Swimming in your pool during the summer months can be a fun way for you and your children to be active, but pool safety is critical in ensuring that you can enjoy your pool without worry. In Australia, as many as 291 people drowned between 1 July 2012 and 30 June 2013, but there are steps that you can take to ensure that you and your family do not become part of this statistic. There are three key things you need to make sure that your pool is safe: appropriate pool fencing; non-slip tiles and depth markers; as well as supervision of your children and swim training.


Pool fencing should be at least 1.8-2 metres (6 feet) high, and should include a locked or child-proof gate to prevent children entering the pool area unsupervised. Children under 5 are at particular risk for drowning, and if you have young children in your family pool fencing is critical. Ensure that your gate always swings back to a closed position after opening, and your gate must never be propped open.
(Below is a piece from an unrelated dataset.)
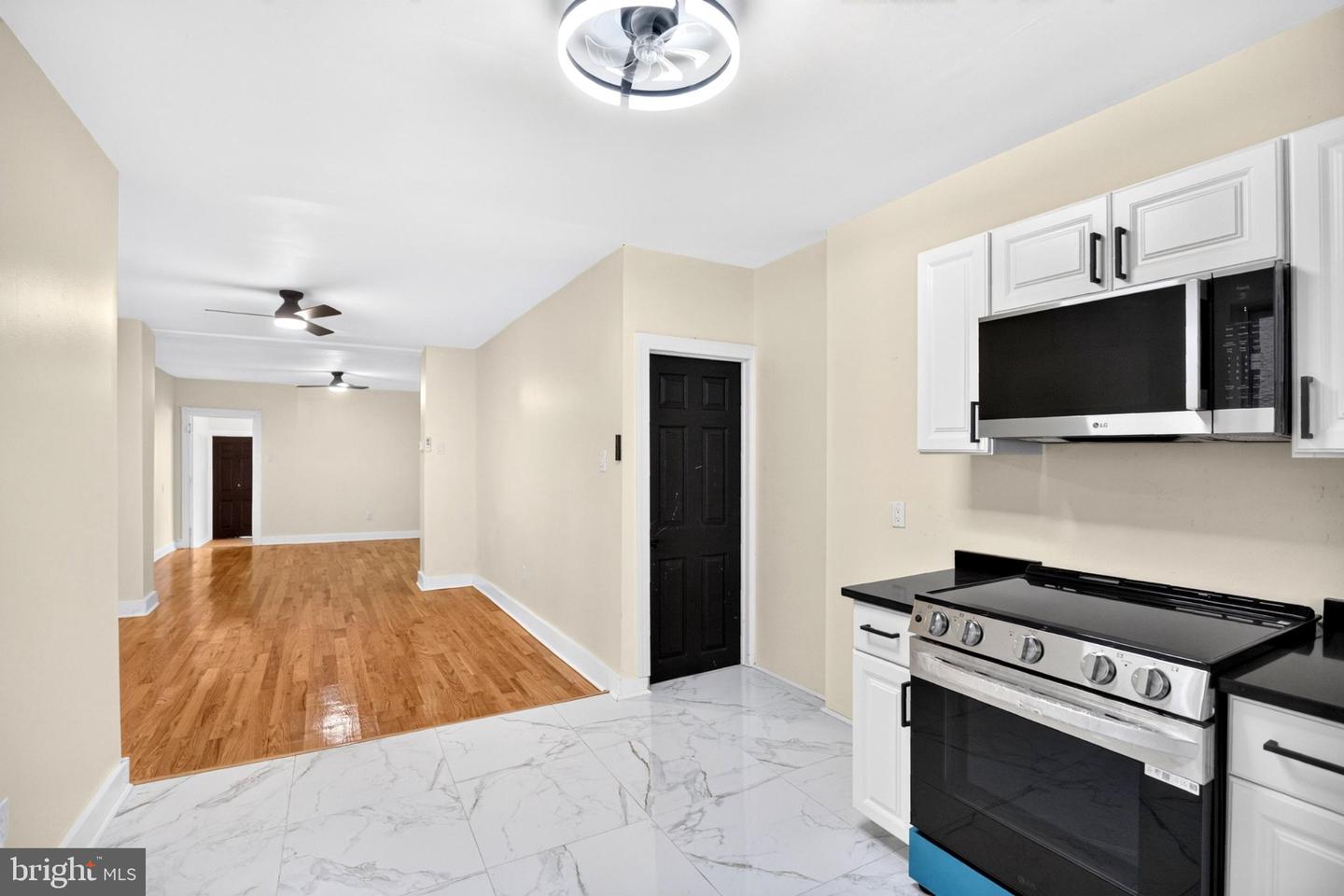 6014 N Lambert St Property Photo 19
If there is a gap between your fence and gate, ensure that it is no wider than 100mm across - small children can slip through gaps in fences more easily than you may expect.

Tiles and Depth Markers

Another critical safety component for your pool is using non-slip tiles. Tiles should be waterproof, and protected against ultraviolet (UV) rays, as well as frost-proof. The pool tiles around the pool are usually different from the tiles inside the pool, and both require regular cleaning to prevent scum and mildew building up. Scum can cause the tiles to be more slippery and dangerous, so inquire when you purchase your tiles about how to clean them, and what kind of cleaner to use. Skid-resistant swimming pool tiles can be used on steps or around pool edges to clearly mark where each step ends, and ensure that you can grip onto the edges of the pool securely. Depth markers are particularly important for older children who may be learning to swim but less confident in their abilities: use depth markers to show the depth of the pool at each end, and monitor your children in deeper areas.
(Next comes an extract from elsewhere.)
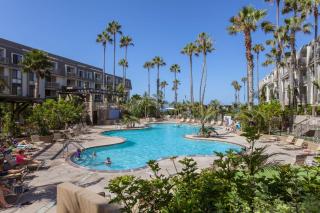 3 Bedroom! - Complex is on the beach with huge pool - Oceanside - 0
Swim Lessons and Supervision

Many accidents occur when children are unsupervised, or run out of the house unseen. Falls into water are the most common cause of drowning in children under five in Australia. You can prevent these accidents by ensuring that your pool has the above fencing and tiling safety measures, and by taking your children to swimming lessons from an early age. While any child under 5 must always be supervised, from around 18 months you can teach your child simple water safety rules, like waiting for an adult supervisor or walking carefully around the edge of a pool. From 3 years old, your child can begin formal swimming lessons to help them feel more confident in the water, and able to swim to the edge of the pool if they accidentally fall in.

With the above tips, you can ensure that your pool is safe and secure for the enjoyment of you and your family.